The revised Draft National Sports Development Bill has sought to declare persons against whom criminal charges have been framed under section 228 of the Criminal Procedure Code, to be ineligible to contest elections of the National Olympic Committee (NOC) or the National Sports Federations (NSF).

The Draft Bill, presented by the Chairman of the Working Group, Justice Mukul Mudgal, to the Union Sports Minister, Jitendra Singh, here on Wednesday, has also covered various aspects including the eligibility of sports persons to represent the country.

Though conceding that the right to select a national team is derived by a NSF from being recognised by the respective international federation, the Sports Bill has stated that in order to represent India in international events and for the right to use ‘India’ or ‘Indian’, the concerned national federation has to comply with the chapters, ‘Elimination of unethical practices in Sports’ and ‘Applicability of Right to Information Act’.

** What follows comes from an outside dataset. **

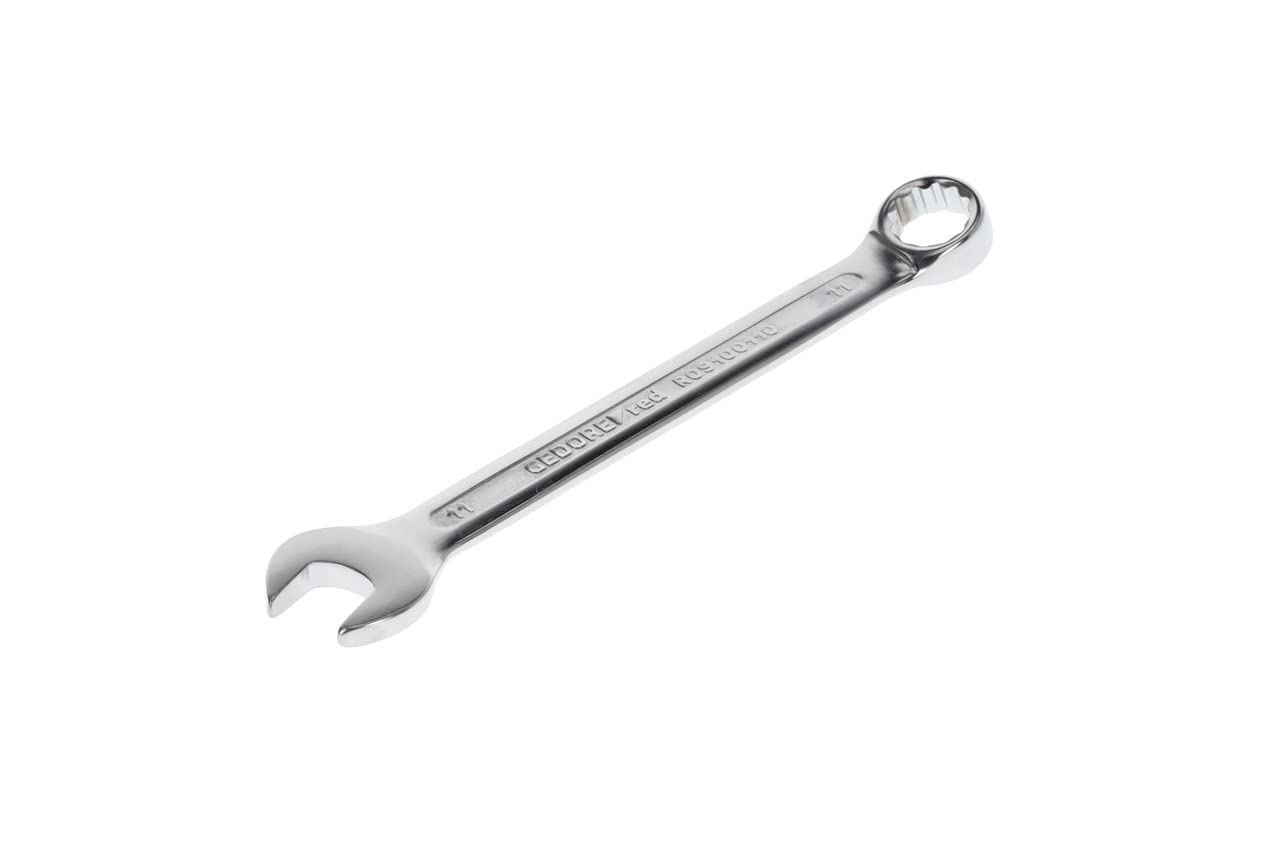 GEDORE red Combination Spanner SW 11 mm Matt Satin Finish Chrome Vanadium Steel Silver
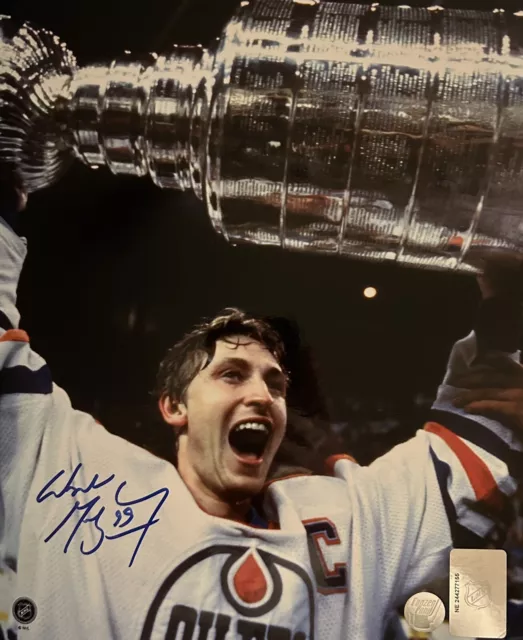 Wayne Gretzky Autographed Signed Edmonton Oilers Stanley Cup Photo Reprint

It has also been clarified that only Indian citizens will have the right to represent India.

An Appellate Sports Tribunal has been proposed with the selection committee consisting of the Chief Justice of India or his nominee judge, Secretary, Department of Sports, and the President of the National Olympic Committee.

It has been suggested that all cases involving the NOC and NSFs be transferred to the Sports Tribunal, with the permission of the Supreme Court or the High Court, as the case may be.

Along with it, an Ethics Commission has been prescribed to enforce a Code of Ethics in accordance with the International Olympic Committee (IOC) Code and the principles of the Constitution of India.

A Sports Election Commission has been proposed, to conduct elections of the NOC, NSFs and the Athletes Commission.

Quite understandably, the recognition of the International Sports Federation and the NOC, has been fixed as the primary requirement for the recognition of an NSF by the Union Sports Ministry. Moreover, any federation that gains funds from the government directly, or indirectly, will have to be accredited by the government.

It has also been specified that all NSFs accredited to the government need to comply with the stipulations that: (i) office bearers retire at the age of 70 years; (ii) athletes nominated by the Athletes Commission are included in the executive body; (iii) there is at least 25 per cent of athletes in the executive body with voting rights; (iv) ensure at least 10 per cent of membership of either gender in the general body.

Except for the president who is allowed three consecutive terms, none of the other office-bearers would be eligible to contest a third term, immediately after completing two successive terms.

Nobody would be allowed to be an office-bearer in more than one sports federation at a time.

The Athletes Commission will advise the NOC and NSFs, among others, on developing the sport, training and competition schedules, athletes grievances, selection and technical criteria, logistics and administration support.

The Union Sports Ministry has published the Draft National Sports Development Bill on its website for comments of the stake-holders and the public. A copy will be sent to the IOC for its comments.